“For last year’s words belong to last year’s language
And next year’s words await another voice.” -T.S. Eliot
If anyone knows me well, they’d know that January 2 begins the long stretch of my least favorite time of year – until spring hits. The holiday season is over: decorations stripped from their respective spaces on walls and shelves in our homes, Christmas music replaced by Top 40 radio stations, the warm feeling of the coming Christ seemingly dissipated after His arrival, and the celebrations of Hogmanay already forgotten as we return to work and school.

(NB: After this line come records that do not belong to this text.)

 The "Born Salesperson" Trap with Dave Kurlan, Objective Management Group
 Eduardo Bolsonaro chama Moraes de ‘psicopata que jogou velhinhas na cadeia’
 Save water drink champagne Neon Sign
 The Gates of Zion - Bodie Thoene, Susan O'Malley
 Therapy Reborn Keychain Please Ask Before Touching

There is one little part of the Christmas season that is all too often forgotten, though, and I was recently reminded at my last meeting with our supervisor in Belfast. If you took your Christmas decorations down the day after New Years, you might need to re-visit the importance of this part of the story.
January 6 marks Epiphany, or the 12th day of Christmas, when the wise visit the new king. Now, this part of the Christmas story is pretty familiar to us, because we’ll never forget those weird words “Frankincense” and “Myrrh” that we remember hearing as little kids – a central part to the first-ever Christmas gifts. But the important part, the bit we don’t usually remember, is hearing that the wise men leave Jesus to return home by another route. They leave changed. These men, from the east (probably what is now Iraq, Iran, Yemen or Saudi Arabia) travelled far to an unknown land, to search for something they had found in the stars. They were unsure who exactly they would find, but they had faith that this star would lead them to something important. And when they found Him, they were warned that going home the same way would lead to danger; They left Jesus differently than they had arrived at Him.
What I love about re-visiting this story is learning how our faith is always becoming new, being shaped and molded throughout our lives. We can hear a story over and over again, but sometimes we are too focused on one little detail, that we miss another little detail altogether. We are so focused on getting the cookies baked, the presents bought and the carols rehearsed at Christmas time, that we forget about the actual story all together, let alone the days following Jesus’ birth.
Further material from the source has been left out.